● What you will do
Copy out exactly the lines from the one with "Сірий Тойота Камрі, об'ємом" through the last line of the listing below, both included, but none of the pictures.

● Data shown
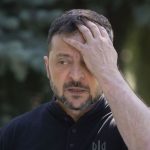 Rozsiahly protikorupcny zasah Zelenskeho spojenec utiekol z Ukrajiny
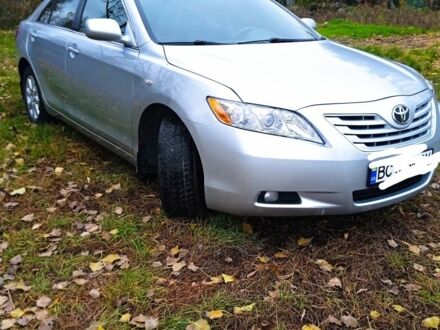 Сірий Тойота Камрі, об'ємом двигуна 2.4 л та пробігом 300 тис. км за 6200 $, фото 1 на Automoto.ua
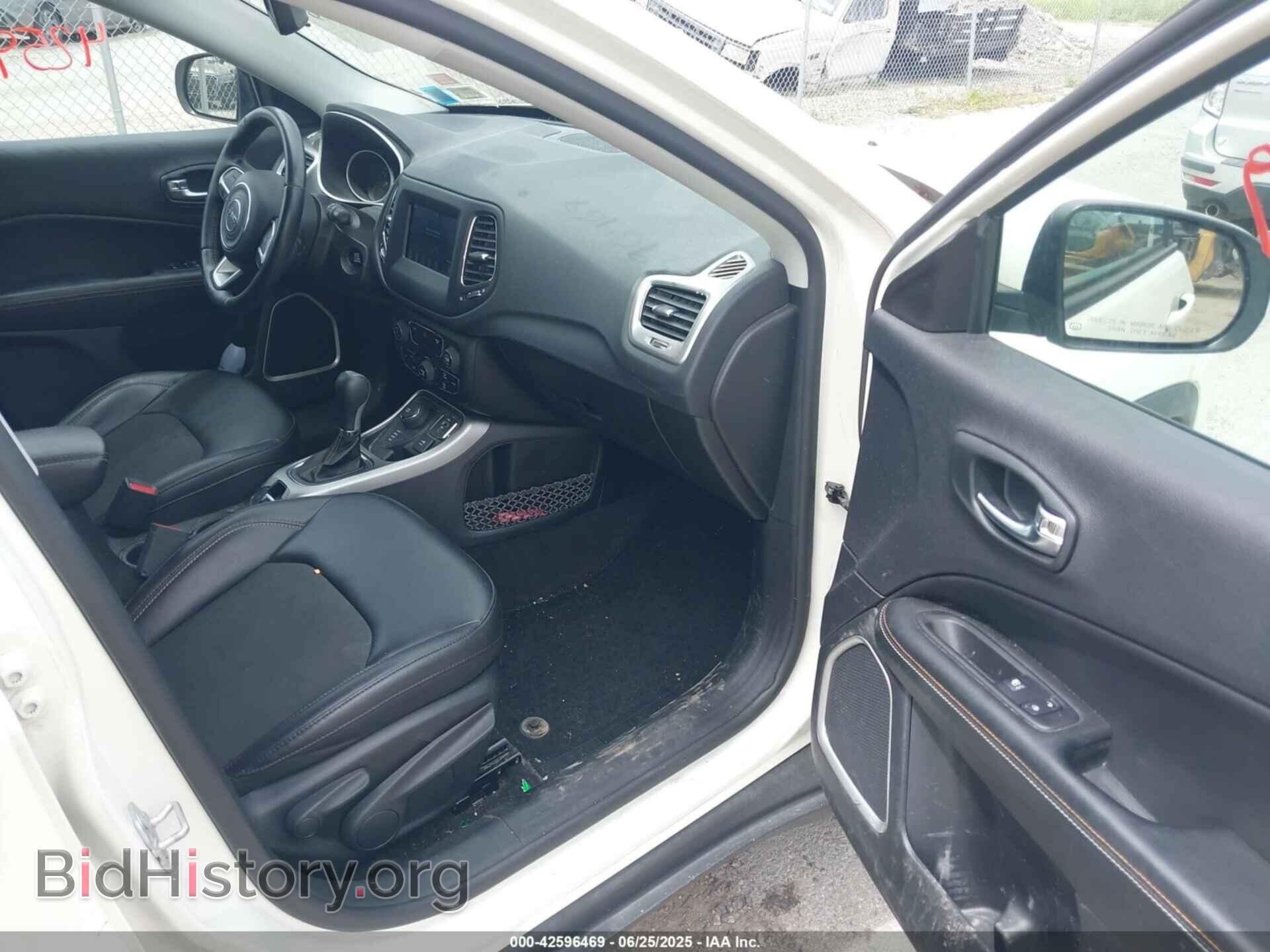2019 JEEP COMPASS - VIN: 3C4NJDBB8KT684116 - Фото 5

● Problem solution
 Сірий Тойота Камрі, об'ємом двигуна 2.4 л та пробігом 300 тис. км за 6200 $, фото 1 на Automoto.ua
2019 JEEP COMPASS - VIN: 3C4NJDBB8KT684116 - Фото 5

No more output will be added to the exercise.